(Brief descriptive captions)
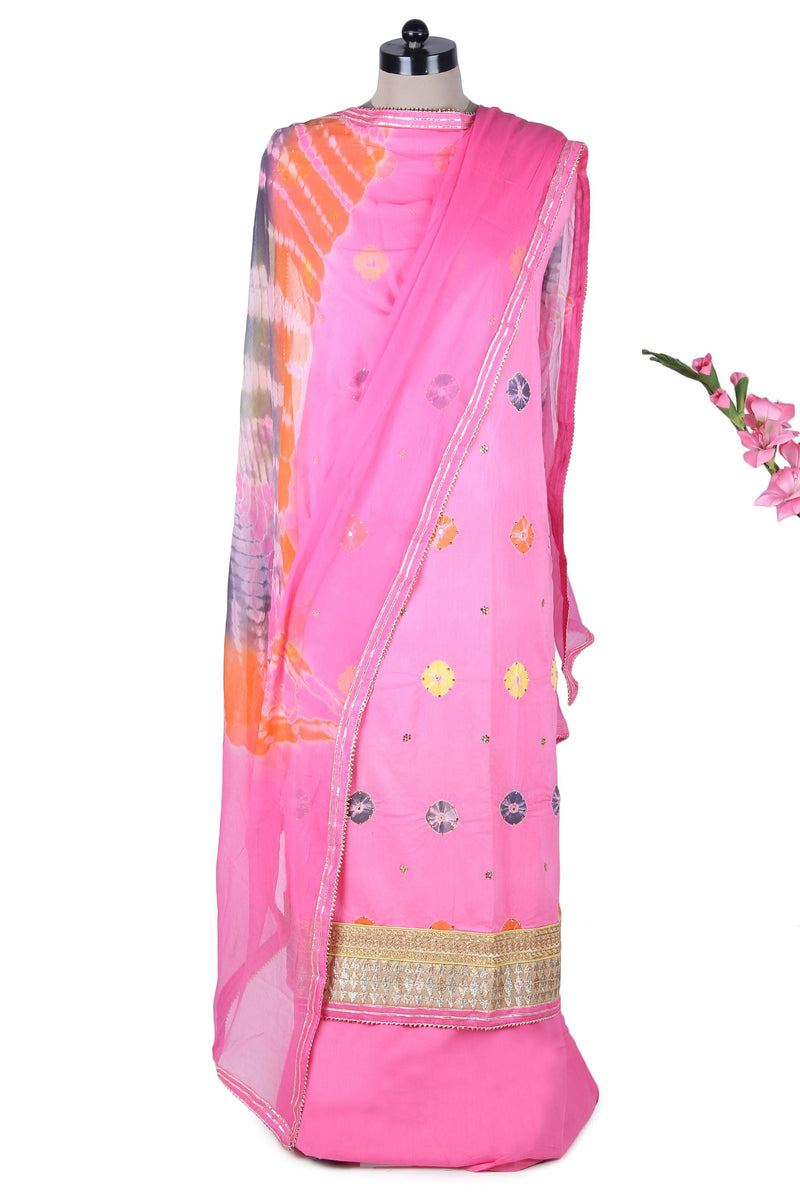 Pure Cotton Suit with Bandhej Print and Golden Lace Border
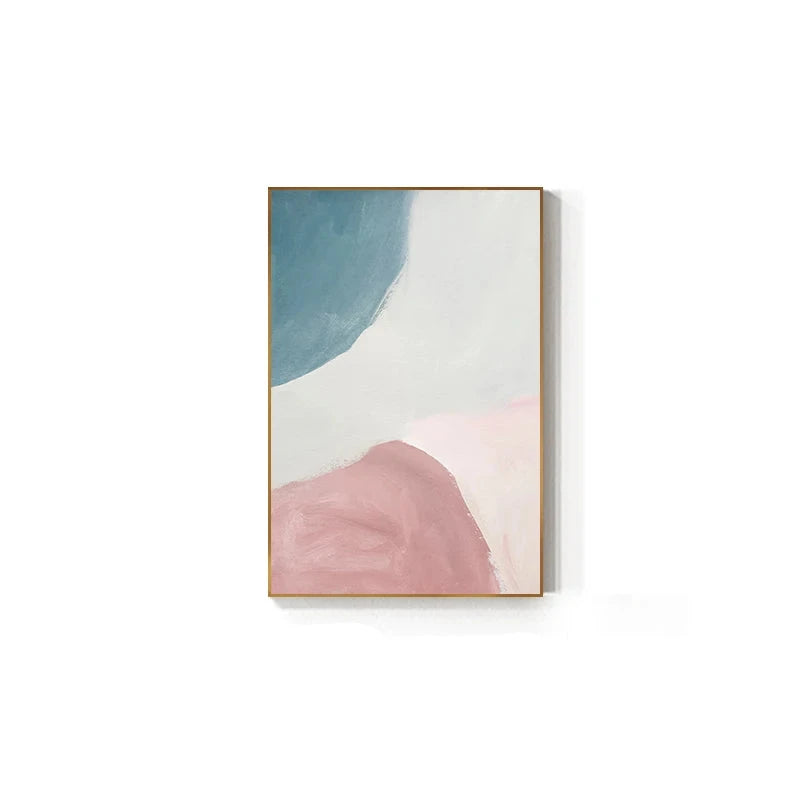 Subtle Shades Of Pink & Blue Watercolor Abstract Wall Art Fine Art Canvas Prints For Modern Apartment Living Room Bedroom Art For Contemporary Interiors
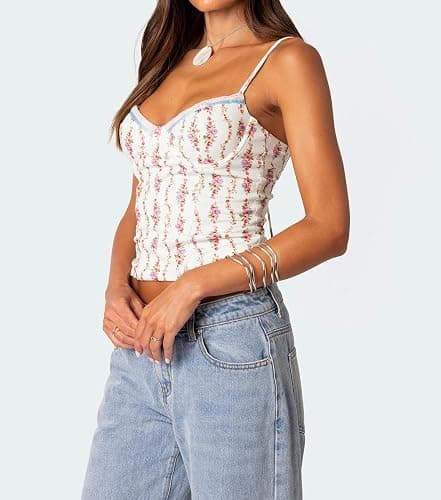 Women Teens Cute Babydoll Tops Y2k Floral Lace Trim Camisole Ruffle Tank Top Summer Flowy Peplum Top Streetwear thumbnail 2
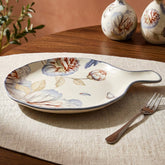 LEMON TREE Premium Ceramic Round Deep Dish Bowl with Single Handle - Vibrant Floral Prints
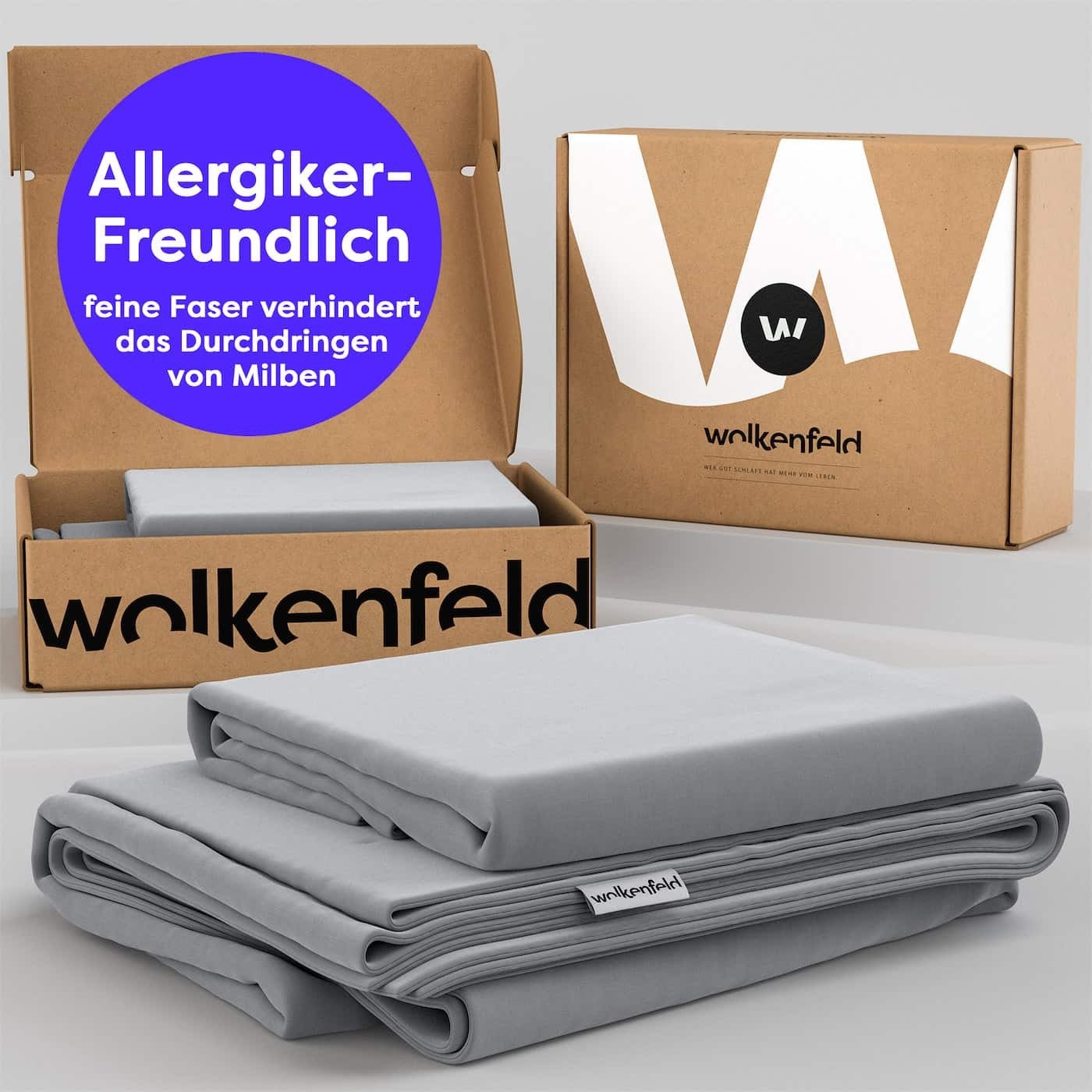 Wolkenfeld Bettwäsche »Allergiker Bettwäsche, unfassbar weich« 2 Stk. 135x200 cm, 155x220 & Übergrößen I inkl. Kissenbezüge 80x80 I Uni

(Assigned task) From the line with "LEMON TREE Premium" to the final line of the records, inclusive, set down the lines exactly and add nothing; leave every picture out.

(Solution)
 LEMON TREE Premium Ceramic Round Deep Dish Bowl with Single Handle - Vibrant Floral Prints
 Wolkenfeld Bettwäsche »Allergiker Bettwäsche, unfassbar weich« 2 Stk. 135x200 cm, 155x220 & Übergrößen I inkl. Kissenbezüge 80x80 I Uni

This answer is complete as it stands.